4. When to use HCPCS code G9380

HCPCS code G9380 should be used when a healthcare provider offers assistance to a patient with end-of-life issues or reviews and updates an existing end-of-life plan during the measurement period. This code is applicable when the provider engages in discussions and activities related to end-of-life care and ensures that the patient’s plan aligns with their current needs and preferences.

5. Billing Guidelines and Documentation Requirements

When billing for HCPCS code G9380, healthcare providers need to document the details of the assistance provided or the review and update of the end-of-life plan in the patient’s medical record. This documentation should include the nature of the assistance offered, any discussions held, and any changes made to the existing plan. It is essential to maintain accurate and comprehensive documentation to support the medical necessity of the service.

6. Historical Information and Code Maintenance

HCPCS code G9380 was added to the Healthcare Common Procedure Coding System on January 01, 2015. The code’s long description or modifier code was changed, indicating a revision in the code’s description. The revised long description reflects the specific nature of the assistance provided or the review and update of the end-of-life plan. As of January 01, 2024, this code’s action effective date is set, indicating that it will remain in use with the current description and guidelines.

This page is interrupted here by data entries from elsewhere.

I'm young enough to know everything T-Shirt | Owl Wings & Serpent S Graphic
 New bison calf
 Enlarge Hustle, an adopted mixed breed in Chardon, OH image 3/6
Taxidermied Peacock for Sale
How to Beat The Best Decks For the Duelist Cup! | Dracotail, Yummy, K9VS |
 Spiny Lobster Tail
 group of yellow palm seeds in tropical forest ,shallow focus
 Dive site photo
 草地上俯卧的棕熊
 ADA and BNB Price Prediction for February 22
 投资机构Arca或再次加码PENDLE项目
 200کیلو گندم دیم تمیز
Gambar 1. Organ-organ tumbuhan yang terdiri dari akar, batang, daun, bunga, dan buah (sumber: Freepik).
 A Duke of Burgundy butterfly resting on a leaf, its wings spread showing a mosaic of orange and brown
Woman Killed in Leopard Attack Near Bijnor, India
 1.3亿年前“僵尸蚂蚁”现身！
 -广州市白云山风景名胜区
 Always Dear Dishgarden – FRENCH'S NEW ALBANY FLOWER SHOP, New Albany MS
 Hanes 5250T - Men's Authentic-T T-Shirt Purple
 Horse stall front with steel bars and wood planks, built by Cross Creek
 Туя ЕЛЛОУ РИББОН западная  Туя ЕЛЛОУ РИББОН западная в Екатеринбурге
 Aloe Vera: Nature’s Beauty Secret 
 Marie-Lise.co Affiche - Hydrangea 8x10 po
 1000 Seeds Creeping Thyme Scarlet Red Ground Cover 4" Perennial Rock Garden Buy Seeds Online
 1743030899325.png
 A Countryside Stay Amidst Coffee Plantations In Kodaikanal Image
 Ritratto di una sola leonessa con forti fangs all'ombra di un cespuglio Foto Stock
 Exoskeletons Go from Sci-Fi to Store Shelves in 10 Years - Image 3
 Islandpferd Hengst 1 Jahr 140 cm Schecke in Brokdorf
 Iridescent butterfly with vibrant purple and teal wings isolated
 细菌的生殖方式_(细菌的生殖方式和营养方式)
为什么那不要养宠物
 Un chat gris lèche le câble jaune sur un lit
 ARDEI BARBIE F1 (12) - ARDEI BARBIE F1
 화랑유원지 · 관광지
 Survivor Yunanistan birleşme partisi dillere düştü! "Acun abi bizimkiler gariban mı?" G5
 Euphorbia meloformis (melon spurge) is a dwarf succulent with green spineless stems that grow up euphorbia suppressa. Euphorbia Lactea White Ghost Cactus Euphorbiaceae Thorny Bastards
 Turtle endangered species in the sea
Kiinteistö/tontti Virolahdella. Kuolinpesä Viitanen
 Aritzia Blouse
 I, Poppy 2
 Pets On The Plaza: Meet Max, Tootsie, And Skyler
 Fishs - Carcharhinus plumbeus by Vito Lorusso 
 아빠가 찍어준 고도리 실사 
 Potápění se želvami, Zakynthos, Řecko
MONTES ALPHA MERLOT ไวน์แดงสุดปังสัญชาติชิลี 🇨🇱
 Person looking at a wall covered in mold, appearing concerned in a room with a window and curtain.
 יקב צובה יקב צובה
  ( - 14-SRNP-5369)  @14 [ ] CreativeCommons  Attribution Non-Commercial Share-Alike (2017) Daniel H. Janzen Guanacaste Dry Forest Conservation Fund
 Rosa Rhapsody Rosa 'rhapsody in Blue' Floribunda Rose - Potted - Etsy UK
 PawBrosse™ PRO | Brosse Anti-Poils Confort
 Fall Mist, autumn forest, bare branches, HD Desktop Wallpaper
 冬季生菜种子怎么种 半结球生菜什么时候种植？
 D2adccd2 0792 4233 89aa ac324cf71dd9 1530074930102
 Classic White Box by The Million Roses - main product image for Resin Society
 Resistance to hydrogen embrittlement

7. Medicare and Insurance Coverage

HCPCS code G9380 is subject to Medicare coverage and reimbursement policies. The pricing indicator code for this code is 00, which means that the service is not separately priced by Medicare Part B. This indicates that the service is either bundled with other services or not covered by Medicare. The multiple pricing indicator code is 9, which means that the value for this code is not established, as indicated by the pricing indicator being ’99’ or not applicable. It is important for healthcare providers to verify coverage and reimbursement policies with Medicare or other insurance carriers.

8. Examples

Here are five examples of scenarios where HCPCS code G9380 may be billed:

  1. A patient with a terminal illness seeks guidance from their healthcare provider regarding end-of-life care options. The provider offers assistance in exploring hospice care and discusses advance care planning.
  2. A patient with an existing end-of-life plan requests a review and update due to changes in their health condition. The provider reviews the plan, makes necessary adjustments, and documents the changes in the patient’s medical record.
  3. A healthcare provider initiates a conversation with a patient about their end-of-life concerns and offers support in discussing their preferences for palliative care. The provider documents the details of the conversation and any recommendations made.
  4. A patient’s family member requests assistance from the healthcare provider in understanding the options available for end-of-life care. The provider offers guidance and resources to help the family make informed decisions.
  5. A patient expresses concerns about their end-of-life wishes during a routine check-up. The provider engages in a discussion, addresses the patient’s concerns, and documents the conversation in the medical record.